It took Porsche the better part of a decade to complete the inimitable 959: twin-turbo, all-wheel drive and unbelievably fast. But the company had been beaten to the punch, by a lone Finnish man with a very yellow 911, 4WD and as quick as an F1 car.
This is Matti Alamäki’s Porsche rallycross car. It won the 1985 European Rallycross Championship, but that’s not why you love it. You love it because it made 760 horsepower out of its twin-turbo 3.2 liter flat six, and was as quick as an F1 car of its day thanks to a 4WD system.
I’m not exaggerating. Finnish auto magazine Tekniikan Maailma tested the outright acceleration of Alamäki’s car in 1984 and had it run 0-62 mph in 3.12 seconds. A scan of that test can be found here.
An Arrows F1 car, using BMW’s legendary thousand-horsepower turbo engine, only squeaked to 62 in 3.1, from another test Sport Auto reportedly conducted.
Watch the car absolutely rocket off the line in the wet, and you’ll believe everything about its acceleration figures.
A rule change for 1984 in European rallycross meant that teams were allowed to modify the “chassis structure and the power transmission,” as my cobbled-together Google translation of Finnish explains. That’s what allowed Alamäki to fit Audi four-wheel-drive gear to his car and give it its traction advantage. The springs and front driveshafts are Audi, the differential is supposedly from a BMW 320, per Tekniikan Maailma.

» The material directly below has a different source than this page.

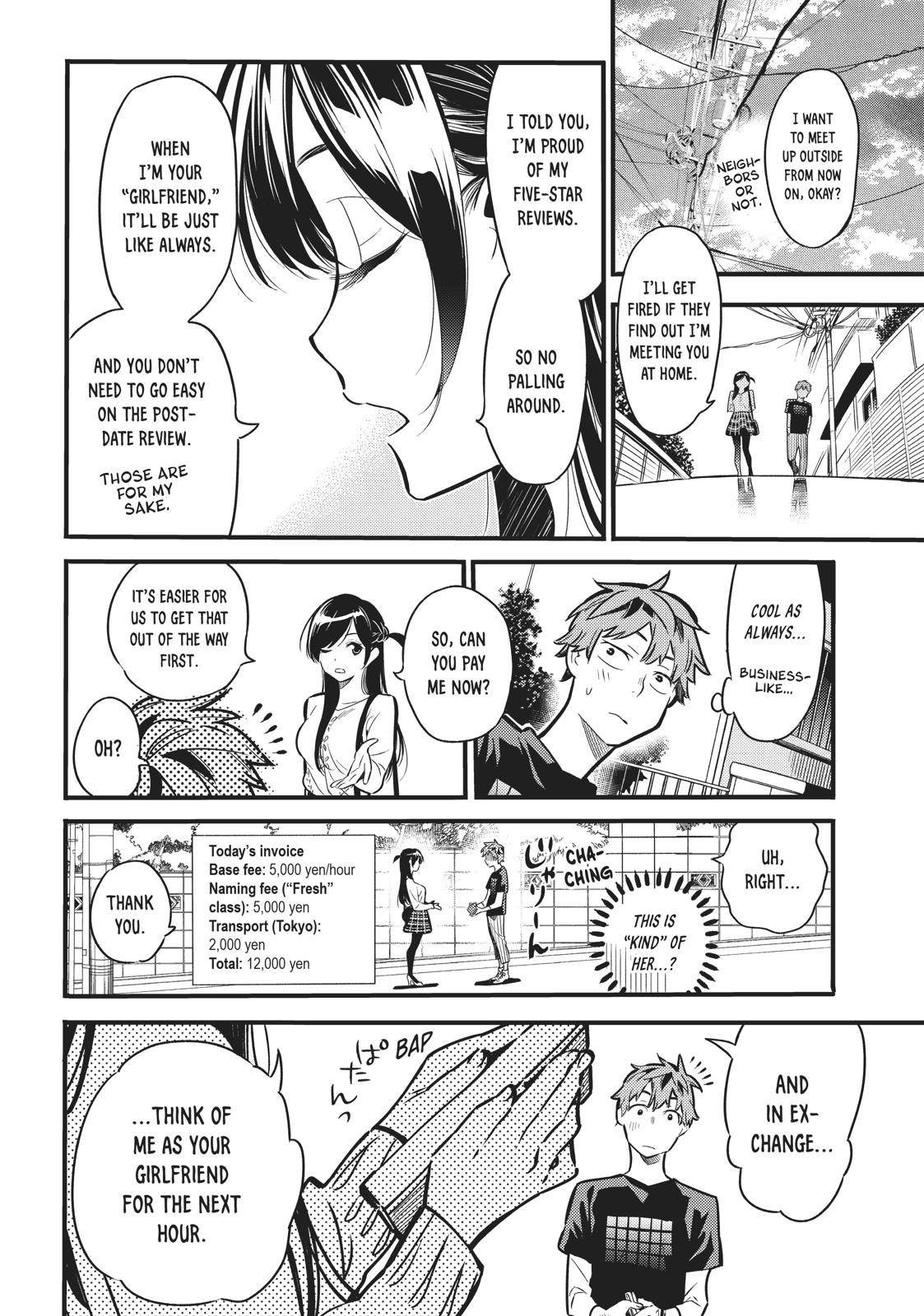 Rent-A-Girlfriend Chapter 4 - Page 10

Alamäki also put some kind of freewheel on the front end, though how that worked is beyond my technical comprehension.
That engine ran two KKK turbos and was supposedly out of a Porsche 935 that raced in the Deutsche Rennsport Meisterschaft, the predecessor to today’s DTM. That period was one of massive turbocharging, so the output is far from unbelievable.

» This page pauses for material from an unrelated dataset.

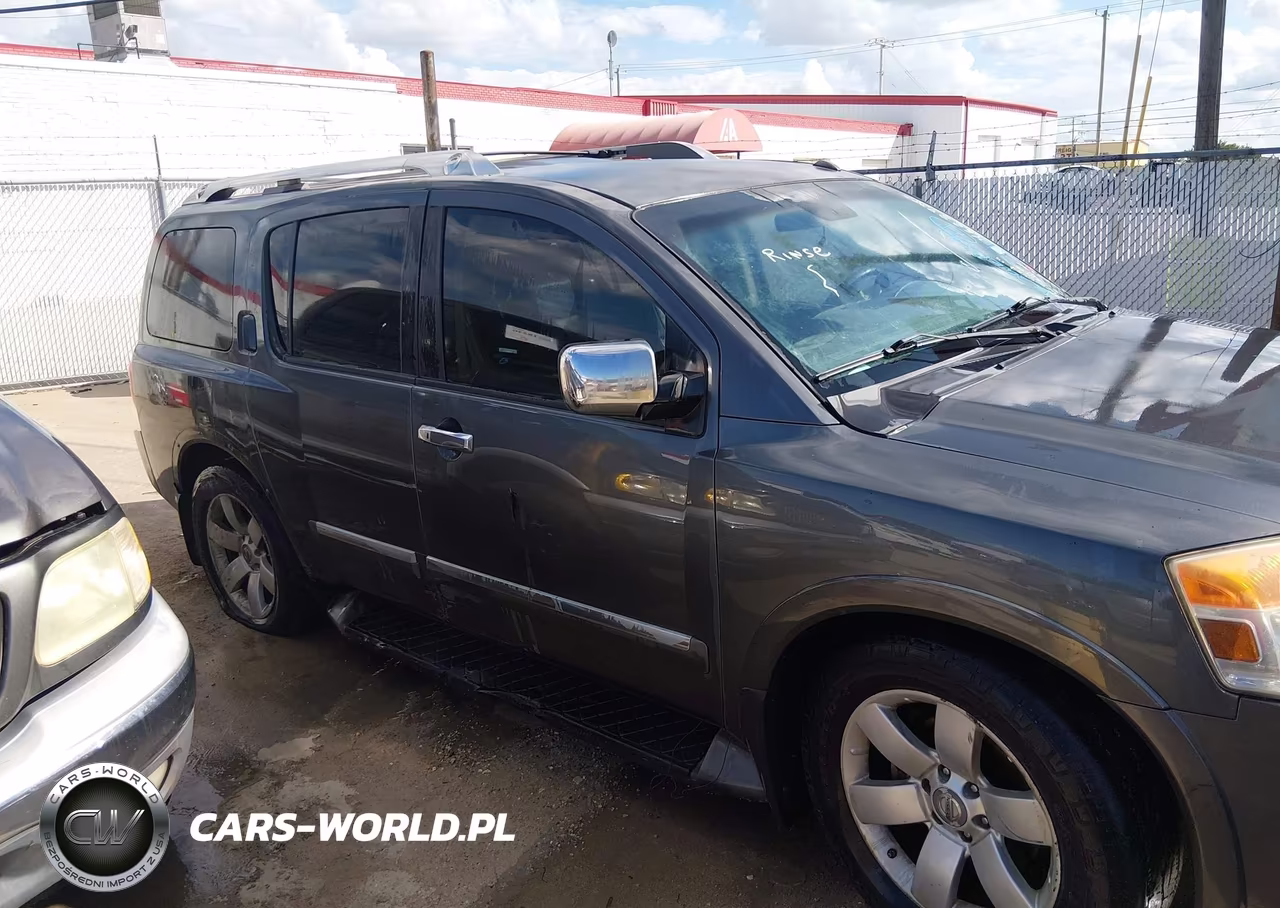 2011 Nissan Armada Sl VIN:5N1BA0ND5BN621026 - 13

One poster on a Finnish Porsche forum claimed to have known the car in period, and thanks to the struggles of Google translating Finnish, his description of the car is lovely: “the car ate just two liters of fuel per kilometer and the sound on the equipment was enough. When fleeing a vulture, the fleets could have shaved sausages.”
There are also rumors that Porsche came looking at the car while working on its own 959, but I haven’t found anything to support that, either.

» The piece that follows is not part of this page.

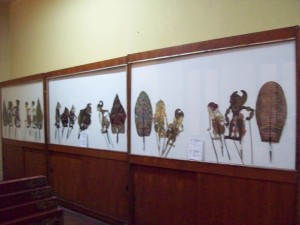 Sebagian dari koleksi Museum Wayang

Alamäki eventually switched to running a Lancia Delta S4 once all of Group B rally’s cars got banned from stage competition and filtered down to rallycross. Watch how the Porsche runs in a 1986 arena competition and you’ll see how much more advanced even the now-rough Group B cars look in comparison.
Still, I can’t help but adore this rough but wonderful 911, a homebrew special the likes of which are rarely seen.